Section 5. (As Amended June 20, 1975, and August 30, l985) The presence
of a majority of the Board of Directors shall be necessary to constitute a
quorum for the transaction of business at any meeting of the Board, but any
director present at the time and place of any meeting, although there is less
than a quorum, may adjourn the same from time to time, without further notice,
until a quorum shall attend.
Standing or Temporary Committees.
Section 6. (Added April 13, 1960) Standing or temporary committees may
be appointed from its own number by the Board of Directors from time to time and
the Board of Directors may from time to time invest such committees with such
powers as it may see fit subject to such conditions as may be prescribed by such
Board. An executive committee may be appointed by resolution passed by a
majority of the whole Board, which shall have all the powers provided by statute
except as specially limited by the Board and shall keep regular minutes of the
transactions of their meetings and shall report the same to the Board of
Directors at its next meeting.
<PAGE>
Attendance by Electronic Means.
Section 7. (Added August 14, l986) Any one or more members of the Board
of Directors or of any Committee established by the Board may participate in a
meeting of the Board of Directors or of any such Committee by means of a
conference telephone or similar communications equipment, allowing all persons
participating in the meeting to hear each other at the same time. Participation
by such means shall constitute presence in person at a meeting.
ARTICLE III
OFFICERS
Election and Appointment of Officers by Board.

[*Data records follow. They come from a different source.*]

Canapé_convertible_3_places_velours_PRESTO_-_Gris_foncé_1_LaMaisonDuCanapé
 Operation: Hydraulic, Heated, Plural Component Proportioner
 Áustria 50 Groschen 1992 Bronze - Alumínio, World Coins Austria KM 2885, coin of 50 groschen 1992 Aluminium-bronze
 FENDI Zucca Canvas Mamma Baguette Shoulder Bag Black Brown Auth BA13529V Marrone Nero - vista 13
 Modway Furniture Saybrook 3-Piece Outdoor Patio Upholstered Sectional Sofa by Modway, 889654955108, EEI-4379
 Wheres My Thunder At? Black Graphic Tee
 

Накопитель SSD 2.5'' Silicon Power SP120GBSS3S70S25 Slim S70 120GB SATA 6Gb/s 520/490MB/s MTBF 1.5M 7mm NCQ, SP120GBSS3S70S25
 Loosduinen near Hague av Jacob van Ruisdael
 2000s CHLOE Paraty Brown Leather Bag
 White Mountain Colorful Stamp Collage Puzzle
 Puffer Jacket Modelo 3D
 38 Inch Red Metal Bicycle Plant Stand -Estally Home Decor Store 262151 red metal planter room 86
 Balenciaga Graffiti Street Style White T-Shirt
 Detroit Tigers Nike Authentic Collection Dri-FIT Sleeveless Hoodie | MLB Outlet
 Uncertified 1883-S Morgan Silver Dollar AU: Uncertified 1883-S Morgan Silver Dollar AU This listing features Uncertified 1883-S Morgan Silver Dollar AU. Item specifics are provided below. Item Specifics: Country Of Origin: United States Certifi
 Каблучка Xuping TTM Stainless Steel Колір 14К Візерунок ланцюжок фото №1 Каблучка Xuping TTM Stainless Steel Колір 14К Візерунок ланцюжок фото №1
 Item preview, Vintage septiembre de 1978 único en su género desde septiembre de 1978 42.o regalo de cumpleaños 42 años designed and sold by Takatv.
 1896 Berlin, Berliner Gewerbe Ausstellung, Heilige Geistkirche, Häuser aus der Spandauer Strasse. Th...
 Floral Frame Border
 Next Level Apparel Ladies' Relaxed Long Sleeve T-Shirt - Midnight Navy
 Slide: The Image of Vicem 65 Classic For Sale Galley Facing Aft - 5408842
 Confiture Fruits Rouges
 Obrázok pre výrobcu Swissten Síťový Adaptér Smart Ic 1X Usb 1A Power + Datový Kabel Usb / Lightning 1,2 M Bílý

Section 1. (As Amended June 20, 1975, April 29, 1978, June 19, 1981 and
December 18, 1986). The Officers of the Corporation shall consist of a Chairman
of the Board, a President, one or more Vice Presidents, of whom one may be
appointed Executive Vice President, a Corporate Controller, a Treasurer, one or
more Assistant Treasurers, a Secretary, and one or more Assistant Secretaries.
The Officers shall be elected by a majority vote of the Board of Directors at a
meeting held promptly after the annual meeting of stockholders, and shall hold
office for a term of one year, or until their successors shall be chosen and
qualified, but any Officer may be removed from office at any time by the Board
of Directors. The Board of Directors may elect or appoint such other Officers
and Agents as it may deem proper. The same person may hold two offices, except
those of President and Secretary. Vacancies in the offices shall be filled by
the Board of Directors.
Chairman of the Board.
Section 2. (As amended November 11, 1959, April 29, 1978, December 18,
1986 and August 2, 1995) The Chairman shall preside over all meetings of
Stockholders, and shall be the Chief Executive Officer of the Corporation and
shall have full charge of the management and supervision of the business of the
Corporation. He shall be an ex-officio member of all standing committees of the
Board except for the Audit Committee and the Executive Compensation Committee.
President.
Section 3. (As amended November 11, 1959, April 29, 1978, December 18,
1986, March 3, 1988, January 1, 1993 and August 2, 1995). The President shall be
the Chief Operations Officer of the Corporation, and shall perform such other
duties and exercise such other powers as the Board of Directors or the Chairman
may from time to time determine. In the absence or disability of the Chairman,
he shall preside at all meetings of the Stockholders and perform the other
duties of the Chairman, or he may designate the Executive Officers of the
Corporation by whom any such duties shall be performed.
<PAGE>
Vice Presidents.
Section 4. (As amended March 25, 1955, November 5, 1976, April 29, 1978
and December 18, 1986) The Vice Presidents shall assist the President and Chief
Executive Officer in the management of the business of the Corporation and in
the implementation of resolutions and orders of the Board of Directors at such
times and in such manner as the President and Chief Executive Officer or
Executive Officer next in authority may deem to be advisable. The Board of
Directors may designate the order of seniority and may also grant such titles as
shall be descriptive of their respective function indicative of their relative
seniority as Vice Presidents. The Vice Presidents in the order of their
seniority as indicated by their titles or as otherwise determined by the Board
of Directors, shall, in the absence or disability of the President and Chief
Executive Officer, exercise the powers and perform the duties of the President,
and they shall also have such other powers and duties as the Board of Directors
may from time to time prescribe.
Treasurer.
Section 5. (As Amended March 25, 1955) The Treasurer shall endorse, in
the name of the Company, and deposit in its bank account, all checks, drafts,
notes and orders for the payment of money; shall have the care and custody of
all the funds and securities of the Corporation; shall deposit the same in the
name of the Corporation in such bank or trust company as the directors may
designate; shall pay out and disburse the funds of the Corporation under the
direction of the President and perform all duties incidental to his office. The
Treasurer shall render a full and true account of all his receipts and
disbursements and of all moneys and property in his hands or under his control,
whenever requested by order of the majority of the Board of Directors.
Corporate Controller.
Section 6. (Added April 26, 1975 and amended March 12, l986) The
Corporate Controller shall be the chief accounting officer of the Corporation.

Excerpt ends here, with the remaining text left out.